Di Indonesia, seni sulam sudah lama tumbuh dan berkembang di berbagai daerah di tanah air, namun keberadaannya belum sepopuler seni kerajinan Indonesia lainnya. Sumatera Barat merupakan daerah yang paling banyak menyimpan khasanah seni sulaman. Seluruh produk seni sulam itu kemudian melekat pada berbagai busana dan perhiasan rumah tangga. Setidaknya saat ini ada sekitar 200 KK di Sumatera Barat yang masih bertahan sebagai perajin sulam.

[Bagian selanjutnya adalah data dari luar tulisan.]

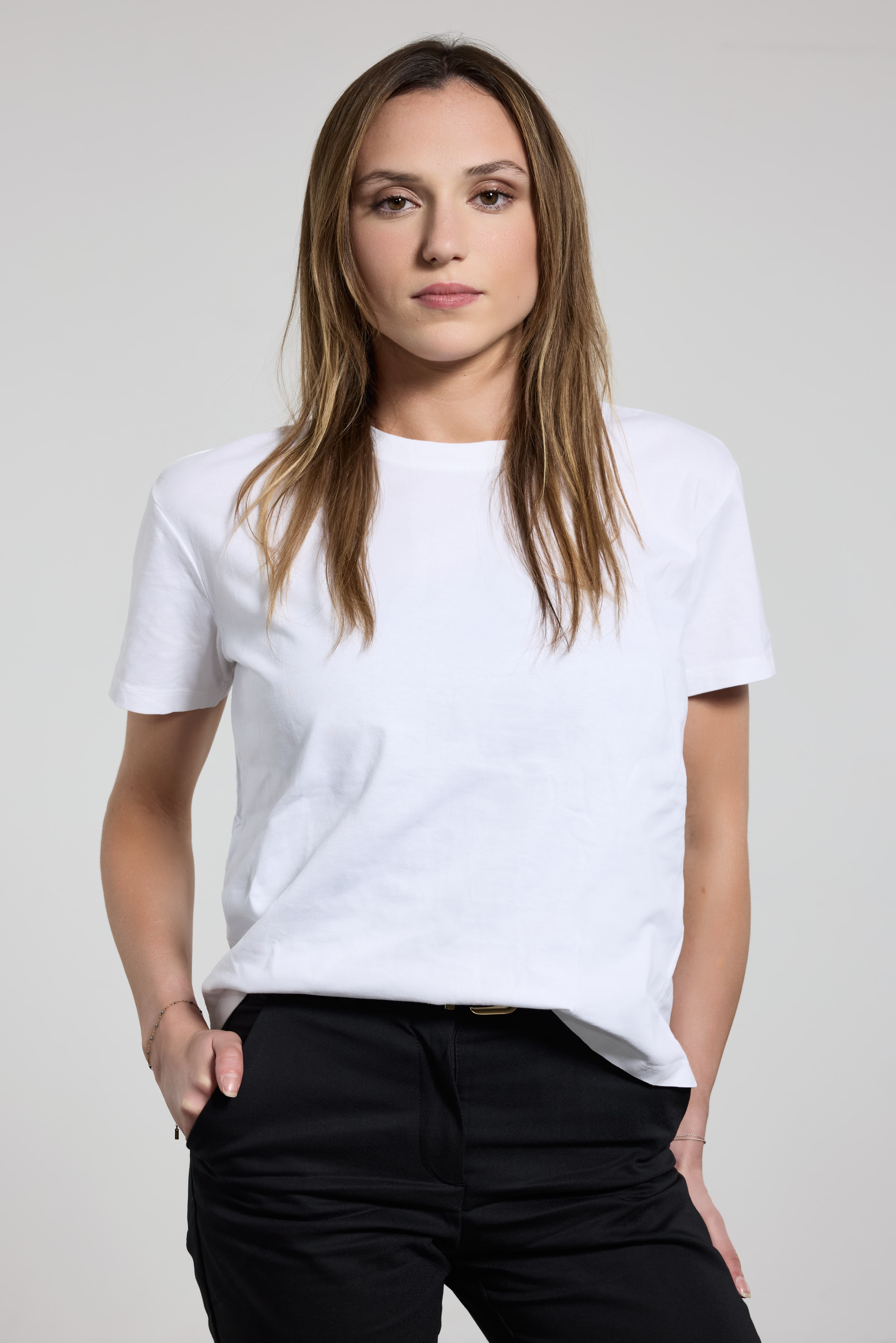 Gwen avant extensions weft — cheveux naturels sans volume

Sementara di sisi lain, seni sulam di luar negeri berkembang pesat dalam berbagai motif, baik tradisional hingga kontemporer. Demikian pula dengan materi yang dipergunakan. Hal inilah yang menjadi tantangan bagi pelaku seni sulam Indonesia untuk memikirkan cara yang tepat untuk mengembangkan seni sulam Indonesia agar dapat bersaing pada skala internasional.

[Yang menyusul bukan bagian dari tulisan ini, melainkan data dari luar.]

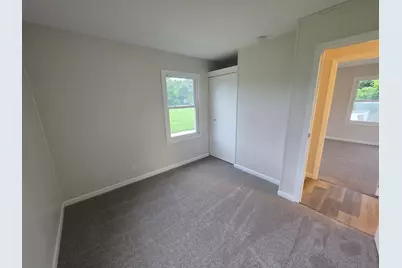 910 W 11th Street, Sterling, IL 61081 - Photo 8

Sebagai bagian dari upaya pelestarian budaya seni sulam di Indonesia, sekitar tahun 2007 atas inisiatif Triesna Jero Wacik didirikanlah Yasasan Sulam Indonesia (YSI) yang memiliki misi untuk melestarikan, mengembangkan, dan lebih mengenalkan seni sulam kepada masyarakat Indonesia dan Internasional.
Dimulai pada tahun 2012, YSI bekerjasama PGN mengadakan program inovasi dan peningkatan kapasitas perajin sulam di Indonesia. Pelatihan ini dilakukan di 3 (tiga) kota, yaitu Denpasar-Bali, Jember-Jawa Timur, dan Agam-Sumatera Barat. Program ini berupa pemberian pelatihan dan eksplorasi kepada 60 orang perajin dari 3 wilayah yang bertujuan untuk meningkatkan kapasitas dan kemampuan seni sulam yang telah mereka miliki dan membuka wawasan agar dapat melakukan inovasi pada produk sulaman.
Berjalan mulai bulan Mei dan berakhir bulan Oktober 2013, program pelatihan ini menghadirkan pakar sulam, Lita Jonathans yang memberikan pelatihan secara teknik. Turut dilibatkan juga dalam program ini fashion desainer Samuel Wattimena dan Didi Budiardjo untuk membagi pengetahuan dan membuka wawasan para perajin tersebut agar lebih kreatif dan dapat membaca selera pasar yang lebih nasional maupun internasional.